La monétisation est l’introduction de moyens de paiements supplémentaires dans les circuits économiques. La monétisation la plus courante est celle liée à l’attribution d’un crédit bancaire. Quand un client d’une banque s’engage à lui rembourser dans un délai fixé un certain capital et des intérêts calculés sur ce capital, la banque porte sur son compte le capital correspondant ( en « €-promesse d’€-base ») et lui en attribue l’usage. Ceci se fait – nous l’avons déjà vu – sans que la banque ait besoin de disposer au préalable de la totalité des « €-base » promis. Il lui suffit d’en disposer d’une partie statistiquement suffisante pour faire face aux demandes de sa clientèle. Lorsque le crédit attribué est effectivement mobilisé il peut s’en aller vers le compte d’un client d’une autre banque. Cette autre banque, cliente de la Banque Centrale, voit ainsi son « compte d’ €-base» ( en €-base) augmenter du capital correspondant conformément à la promesse de la banque ayant accordé le crédit initial ( en €-promesse de €-base ). Que ce « compte d’ €-base » soit lui-même partiellement ou en totalité reprêté à tel ou tel autre client de cette banque et cela à un taux générant un certain revenu n’a rien de choquant. Qu’il le soit une deuxième ou troisième fois – la banque en faisant son affaire – l’est davantage. Non seulement il y a multiplication discutable des intérêts perçus, mais surtout, il en résulte une fragilisation du système monétaire, les banques étant incapables de tenir leurs promesses autrement qu’en jonglant avec le comportement statistique de leurs clientèles.

L’introduction de monnaie de base ( €-base) est réservée aux Banques Centrales. Il y a une Banque Centrale pour chaque devise et par zone économique. Les « €-base » naissent d’un crédit accordé par la Banque Centrale à l’un ou l’autre de ses clients (banques, Trésor Public) ou encore du paiement de titres financiers achetés par la Banque Centrale. Seuls les « €-base » sont garantis par la Banque Centrale, c’est à dire la collectivité qu’elle représente, mais il y en a beaucoup moins que les « €-promesses de €-base » qui circulent de comptes en comptes dans les banques commerciales pour les besoins de l’économie. Aujourd’hui, avec des monnaies entièrement libérées de la rareté des métaux précieux, rien ne justifie que cette pratique contestable se perpétue.

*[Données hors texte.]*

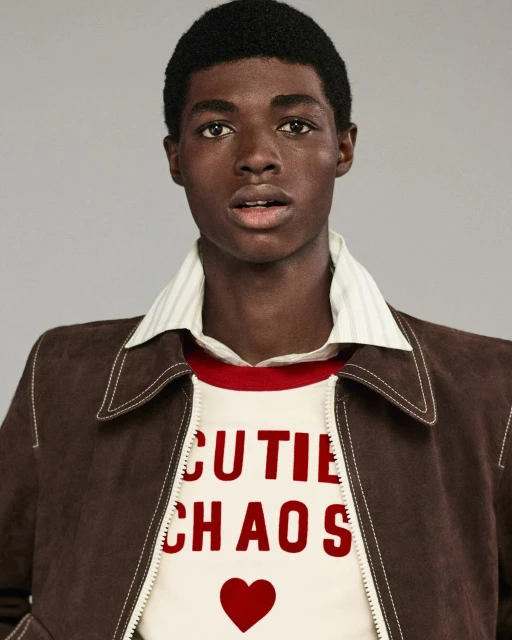 Close-up studio shot of a young adult Black male wearing a brown jacket and white shirt with red text graphic and heart design.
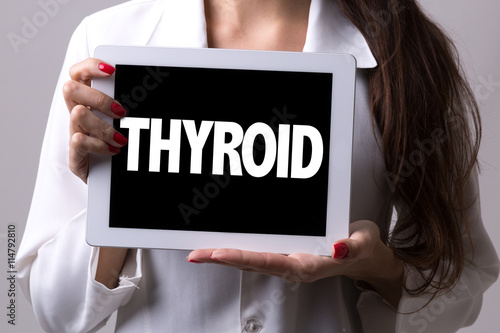 Female doctor holding a tablet with the text: Thyroid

Ce point de vue n’est pas une nouveauté. Il existe toute une école de pensée économique qui le dit depuis longtemps (notamment Irving Fisher (100 % money, 1935) et Maurice Allais (depuis 1943) ). Cette position, connue sous l’appellation de « 100 % monnaie », consiste à ne reconnaître comme monnaie que le « €-base », c’est à dire à interdire les « €-promesse d’€-base ». L’économie réelle qui n’utilise aujourd’hui, pour l’essentiel, que les « €-promesses d’€-bases » serait ainsi éloignée des manipulations permises par ce jeu de promesses Les méfaits des produits dérivés, de la spéculation sur les titres et les devises résisteraient peut-être à la mise en œuvre du « 100 % monnaie » mais en seraient probablement réduits car ils reposent en bonne partie sur la capacité des banques à produire la monnaie bancaire ( les « €-promesse d’€-base » ). Notre monnaie – bien public s’il en est – ne serait plus mise en péril par des opérations spéculatives privées. Les moyens de financement liés à l’épargne préalable resteraient utilisables mais limiter la monnaie aux « €-base » serait une mesure de salubrité publique qui, bien que connue et techniquement possible, est curieusement et systématiquement passée sous silence jusqu’à ce jour par le monde financier.